Full Version: Selenium Webdriver Memory Problem?
You're currently viewing a stripped down version of our content. View the full version with proper formatting.
Hi guys, so I made my first little program after watching some beginner videos and I'm having a problem where it keeps using more and more memory until it is eventually using so much that its hard for me to even force close everything. I tried sprinkling a few "time.sleep()" since that was the only "solution" I saw mentioned online aside from adding more ram. My computer is old and only has 4gb ram for reference, I can get to about chapter 70 or so. Thank You.

# Little program to take a light novel from wuxiaworld and well... steal it for me! ;]

from selenium import webdriver
from selenium.common.exceptions import NoSuchElementException
import time
import os
import textwrap
import re

# website = str(input("Which Book would you like to steal to today? https:// "))
# testing with BTTH novel for now so...
website = "wuxiaworld.com/novel/battle-through-the-heavens"

print("Opening Firefox")
start = webdriver.Firefox()
print("Going to the website")
start.get("https://" + website)
start.stop_client()  # Because wuxiaworld has annoying ads that keep reloading


def chapter_exists(chapter_number):
    try:
        start.find_element_by_partial_link_text("Chapter " + str(chapter_number))
    except NoSuchElementException:
        print("The Book is completed/up to date.")
        return False
    return True


def make_book():
    book_title = start.find_element_by_css_selector('.p-15 > h4:nth-child(1)')

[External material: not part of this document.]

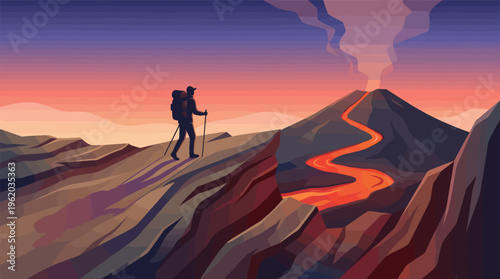 A hiker silhouette watches an erupting volcano with lava at sunset. Vector illustration for adventure, challenge, and exploration concepts. Epic and dramatic landscape.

    if os.path.isdir(book_title.text) is False:
        os.makedirs(book_title.text, 0o777)
        print("Making a new directory")
        os.chdir(book_title.text)
        print(os.getcwd())
    else:
        print("Directory :" + book_title.text + ", already exists and will be used")
        os.chdir(book_title.text)
        print(os.getcwd())


def chapter_thief():
    chapter_number = 1
    while chapter_exists(chapter_number) is True:
        chapter_title = start.find_element_by_partial_link_text("Chapter " + str(chapter_number)).text
        chapter_title = re.sub(':|\\?| ', '_', chapter_title)
        print(chapter_title)

        print("Going to chapter " + str(chapter_number))
        start.find_element_by_partial_link_text("Chapter " + str(chapter_number)).click()

        print("Taking a chapter")
        chapter_text = start.find_element_by_class_name("fr-view").text

        print("Copying chapter")
        chapter = open((chapter_title + ".txt"), "w+", encoding="utf-8")
        try:
            chapter.write(textwrap.fill(chapter_text, 100))
            time.sleep(3)
        finally:
            chapter.close()
        print("Finished Chapter " + str(chapter_number))

        chapter_number = chapter_number + 1
        start.back()
        time.sleep(3)


if __name__ == "__main__":
    make_book()
    chapter_thief()
I see there are 1648 chapters, so I expect they are being cached, and you need to disable caching
for firefox, see: https://stackoverflow.com/a/47093059
(Mar-01-2019, 03:25 AM)Larz60+ Wrote: [ -> ]I see there are 1648 chapters, so I expect they are being cached, and you need to disable caching
for firefox, see: https://stackoverflow.com/a/47093059

Thank You so much this fixed it!
I will finish checking tomorrow morning but everything ran much smoother when i tried it for a bit just now and reached chap 80 easily.